# Dovetail Help



## freedhardwoods (Sep 7, 2008)

I finally got to try to make some dovetail joints for the first time today. I am using a Porter Cable 4216 jig trying to make half blind joints. No matter what I try, the joint always has a gap in the same place. What am I doing wrong?


----------



## Toolman50 (Mar 22, 2015)

Adjust the bit up (less bit) the distance of your gap.


----------



## freedhardwoods (Sep 7, 2008)

I was using plywood for practice, but decided to switch to solid wood, because in actual use, I will only be dovetailing solid wood. I planed a board down to 5/8” (at least I thought I did. More on that below) and cut some lengths to practice (and practice and practice.......) on.

I tried adjusting up and down, in and out, and it still wouldn't work right, so I decided to back up and look at EVERYTHING that went into making a drawer joint.


I first checked my chop saw. It was very slightly out of square, but I'm pretty sure that wasn't causing a joint problem. It would have just made a very slightly out of square drawer. Chop saw is sqare now.


I had bought a Milescraft Base Plate/Bushing Set for my router. Every time I cut a joint, I noticed the router would move very slightly from one side to the other when I would go in and come back out. I just assumed the router bushing was slightly smaller than the jig notch. Then I happened to notice the insert was moving in the base.


Using my ******* engineering degree, I took some 1/32” thick black tape I have and cut 1/8” x 1” strips and stuck them on the outside edge of the insert as shims and got it tight. That made a world of difference. Now the joints were coming out almost right.


On some cuts, the guide would have a hairline gap between it and the right side of the board, and almost every test joint was off on one side and not the other. That's when I checked my board thickness and found on a 4 1/4”board it was 1/32” thicker on one side. That was enough to throw the jig very slightly out of line and make one side of the joint wrong.

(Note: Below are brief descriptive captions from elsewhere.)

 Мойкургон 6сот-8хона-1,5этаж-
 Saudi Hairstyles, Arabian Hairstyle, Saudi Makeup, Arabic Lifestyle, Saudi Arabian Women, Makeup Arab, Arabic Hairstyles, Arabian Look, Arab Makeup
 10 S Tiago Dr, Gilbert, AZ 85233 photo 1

By then I had to go on a run. I got some 5/8” drawer stock from the shop I was working for this afternoon and expect the joints should work tomorrow. If everything besides the jig had been right, I probably would have had it set up fairly quickly.


----------



## TomCT2 (May 16, 2014)

I have the same Porter Cable. do you have the manual?

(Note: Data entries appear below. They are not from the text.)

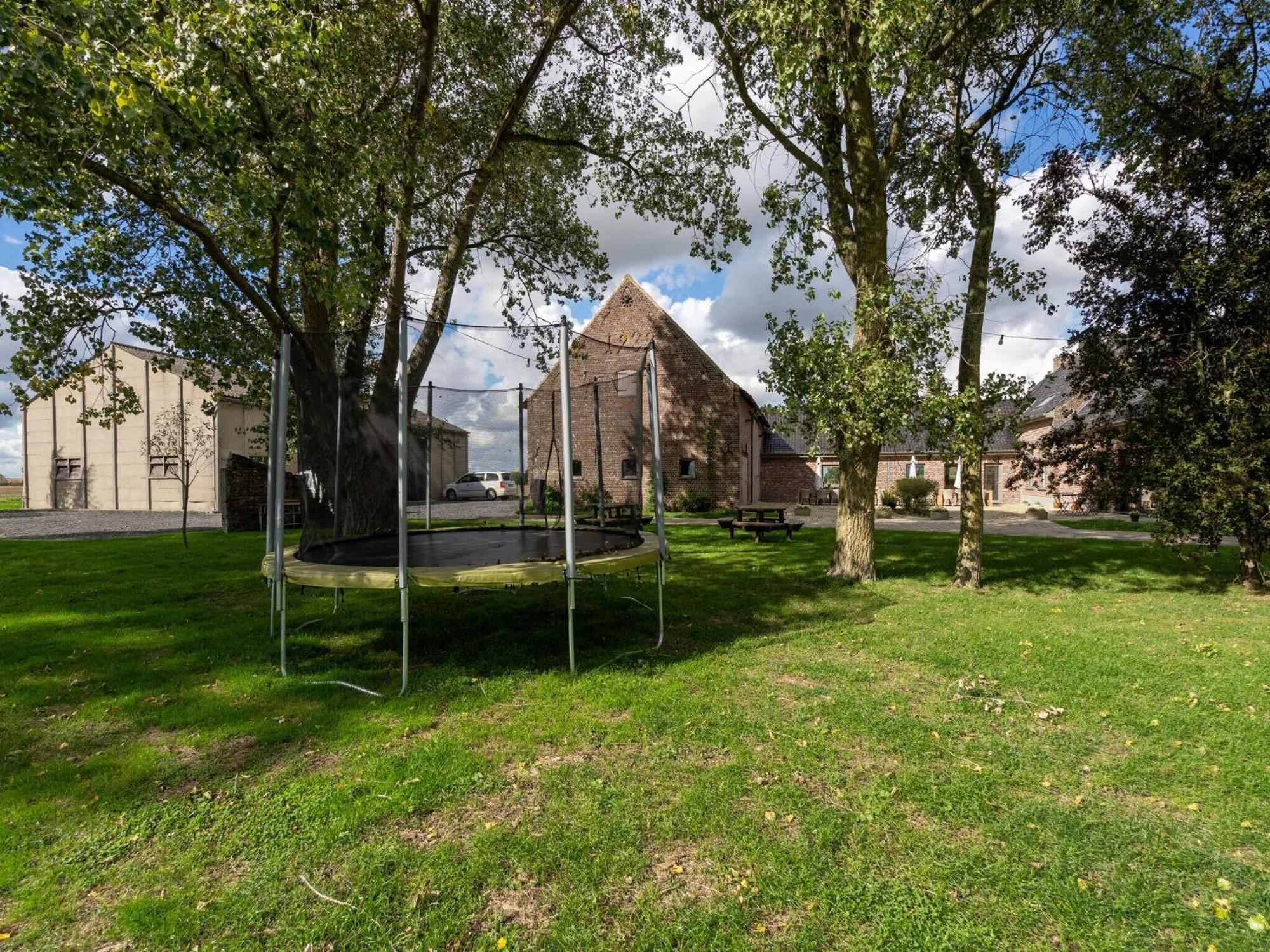 Spacious Holiday Home With Pond In Poperinge Roesbrugge-Haringe Buitenkant foto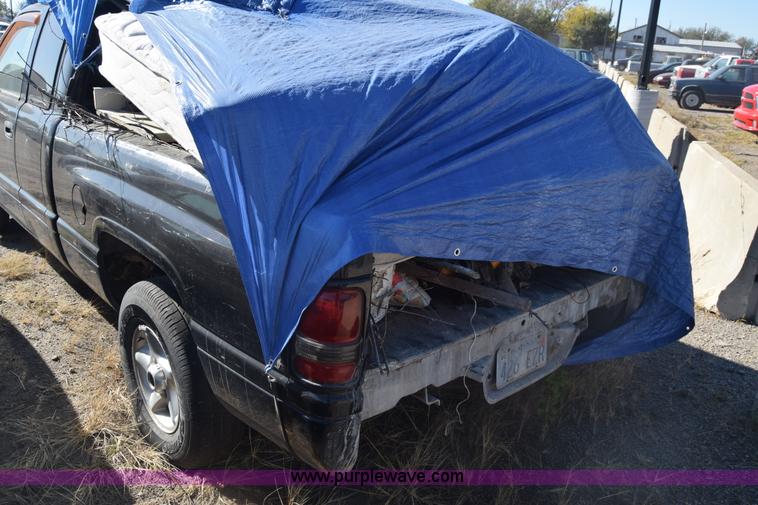 image for item K4838 2001 Dodge Ram 1500 Quad Cab pickup truck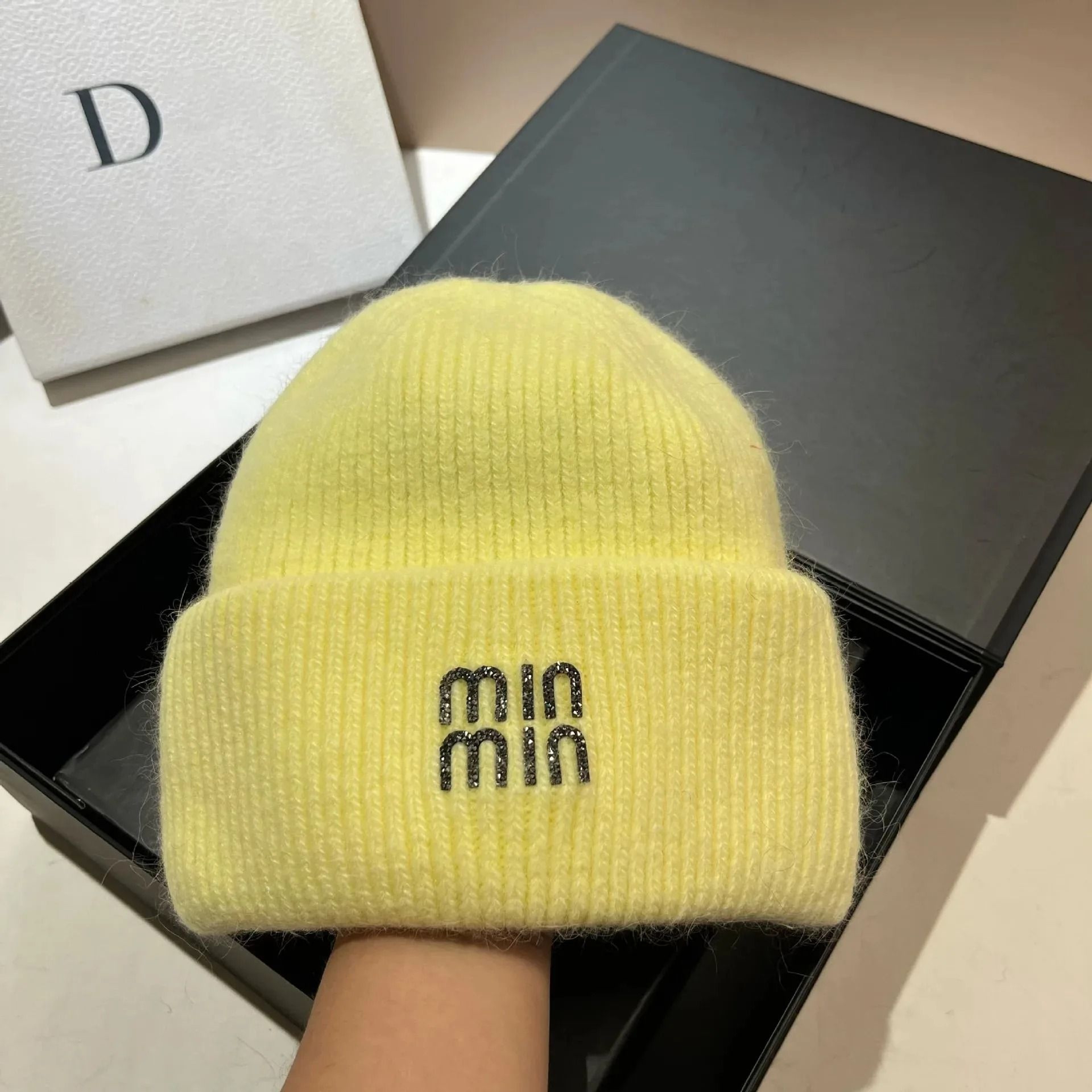 Cozy Korean Style Double Rolled Brim Knit Beanie For Winter Warmth 10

there is a depth stop stop to set the depth of the bit. they say it's factory pre-set but that's not true.

you also have to have a board of the _same thickness_ clamped under the fingers - the depth stop works in conjunction with the thickness of the clamped scrap board.

as to the problem you've shown in the picture, the depth of your router bit is not set correctly on the pins or the tails or both. that's it, that's the whole problem.


----------



## johnep (Apr 12, 2007)

Here's a Utube video:








Johnep


----------



## freedhardwoods (Sep 7, 2008)

Thanks for the replies.

I do have the manual and have watched several videos. These two explain things very well also.









I tried many more joints and still can't get consistent results. The bit depth isn't the problem. Some joints will be tight and then I will get a loose one without changing anything.

In the pic I posted earlier, it isn't a simple loose joint. I've made so many joints I can't remember how I got it to stop doing that.

I am working on a couple changes to try to get consitent results. I'm making a larger guide to make sure the boards stay straight in the jig and stop the slight offset that I *am* consistently getting. It will probably be Saturday before I can get back to it.


----------



## freedhardwoods (Sep 7, 2008)

*SUCCESS!!!!

*I put my new guide on and now I can't make a joint wrong. It works so well I don't even have to do both boards at the same time. :thumbup:


----------